**Provided data:**
· · ·

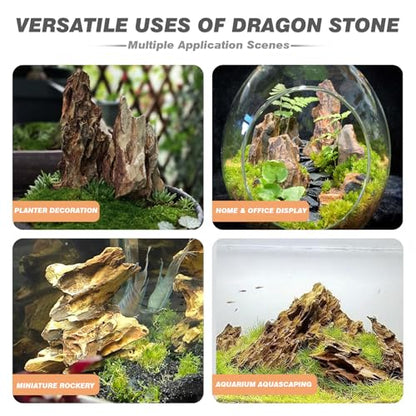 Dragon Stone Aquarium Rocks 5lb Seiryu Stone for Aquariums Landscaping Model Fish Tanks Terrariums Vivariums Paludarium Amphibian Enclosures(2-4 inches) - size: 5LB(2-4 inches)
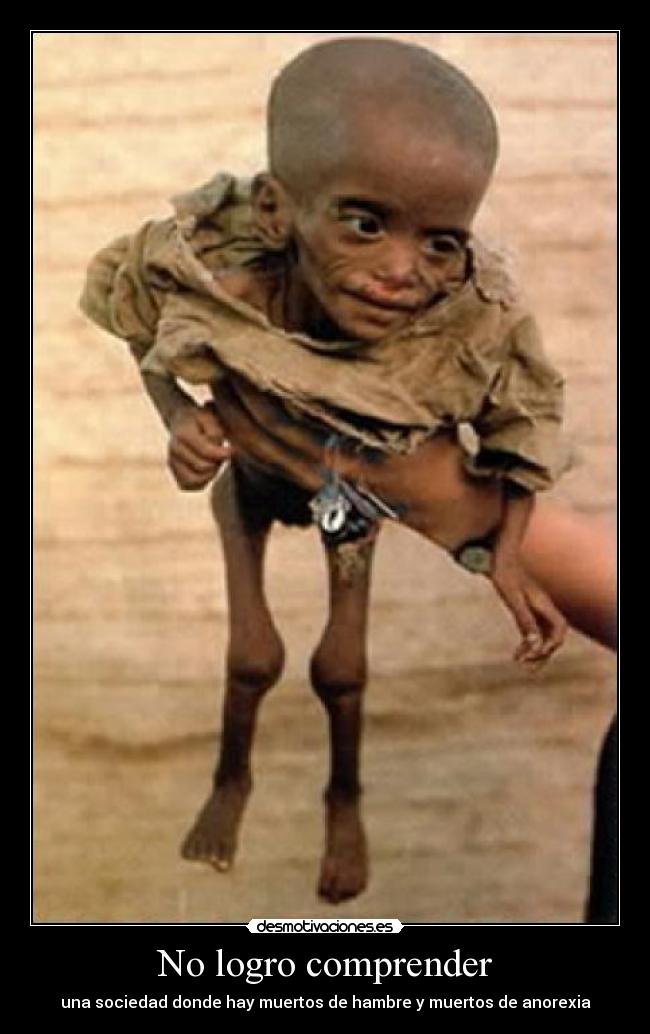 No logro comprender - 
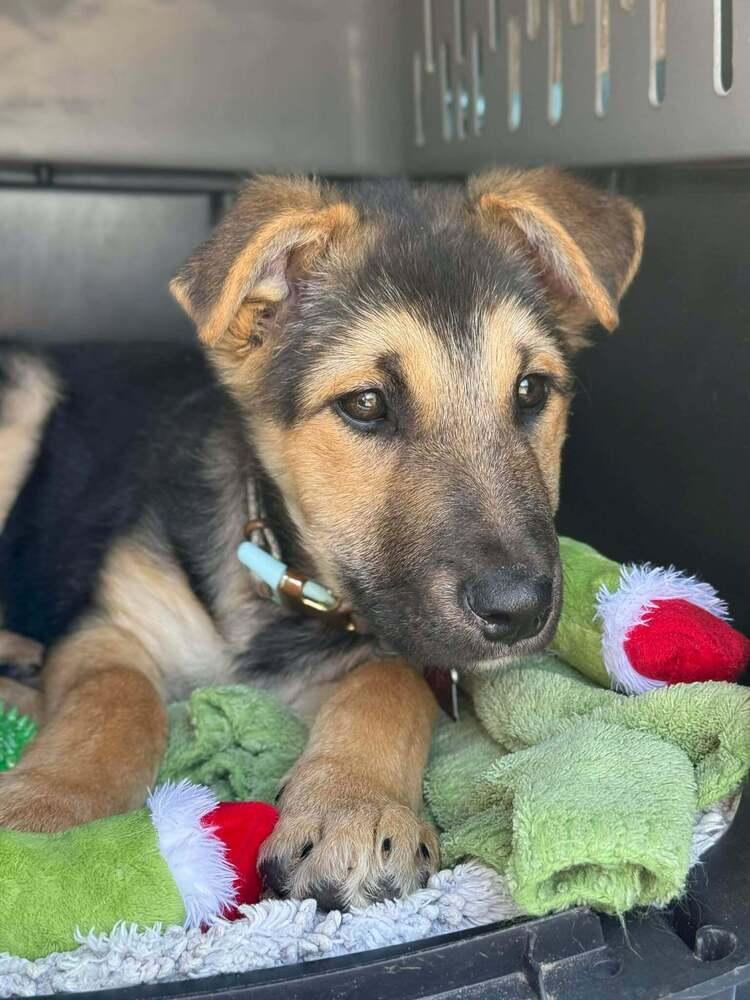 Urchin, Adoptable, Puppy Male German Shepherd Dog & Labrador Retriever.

· · ·

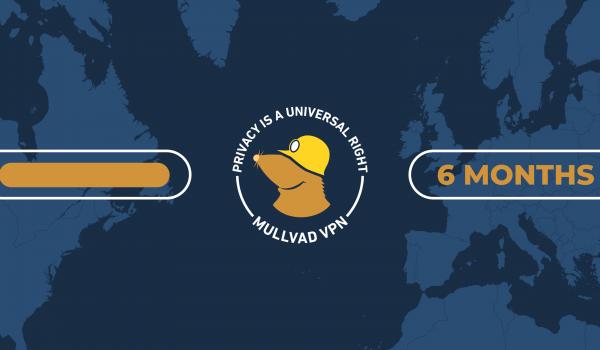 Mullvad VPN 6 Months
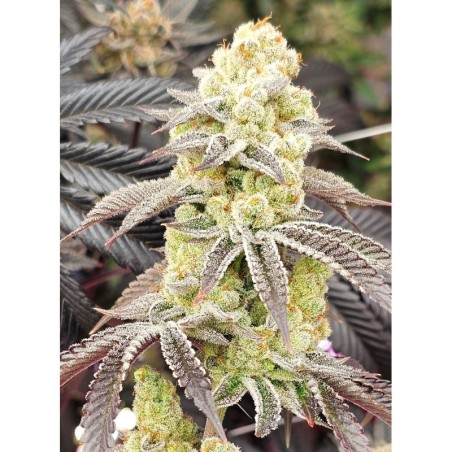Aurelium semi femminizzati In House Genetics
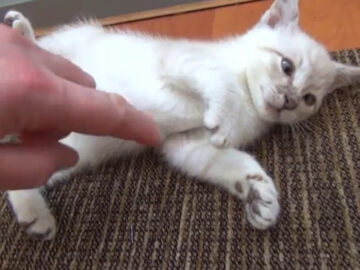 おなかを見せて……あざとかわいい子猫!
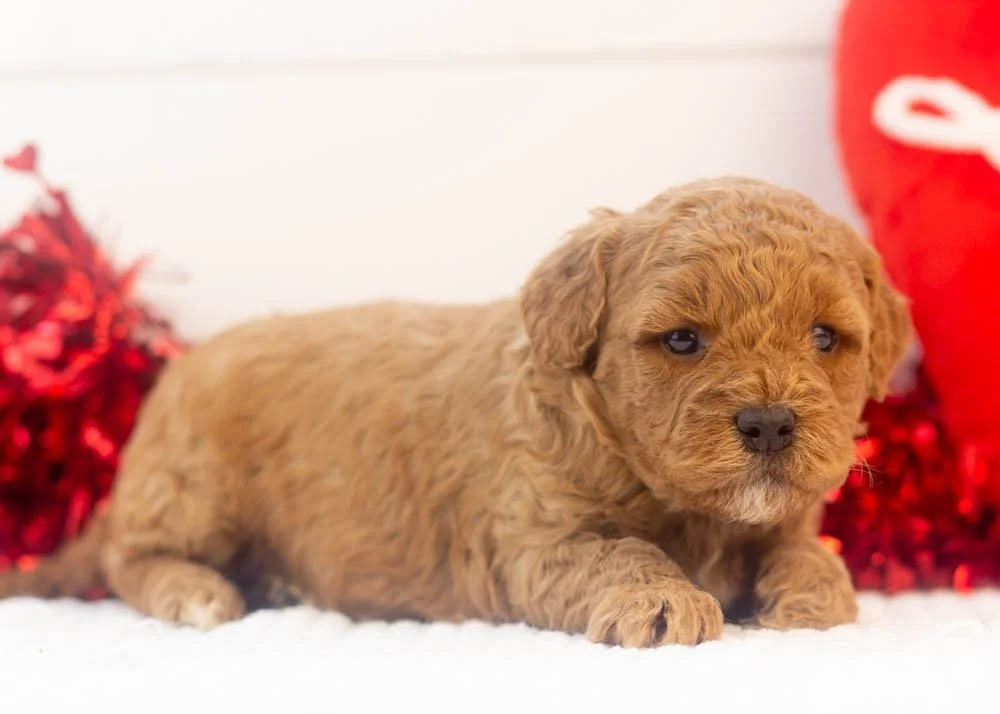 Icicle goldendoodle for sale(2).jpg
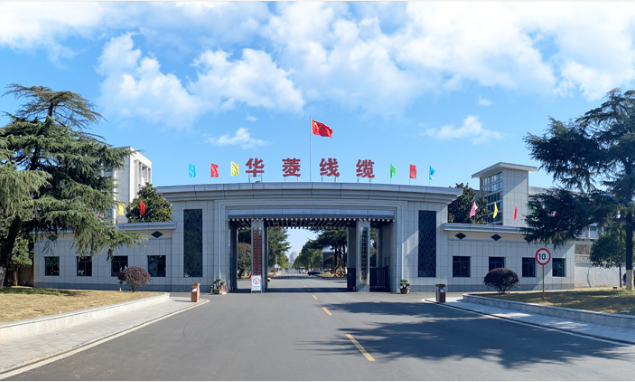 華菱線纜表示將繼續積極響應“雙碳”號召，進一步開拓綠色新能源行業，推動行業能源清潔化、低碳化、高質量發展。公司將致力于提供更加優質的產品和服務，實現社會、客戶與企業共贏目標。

· · ·

Only one stretch of the data is wanted: write out exactly the lines from the one holding "Dragon Stone Aquarium" through the one holding "Urchin, Adoptable, Puppy", both included, without the pictures.

 Dragon Stone Aquarium Rocks 5lb Seiryu Stone for Aquariums Landscaping Model Fish Tanks Terrariums Vivariums Paludarium Amphibian Enclosures(2-4 inches) - size: 5LB(2-4 inches)
 No logro comprender - 
 Urchin, Adoptable, Puppy Male German Shepherd Dog & Labrador Retriever.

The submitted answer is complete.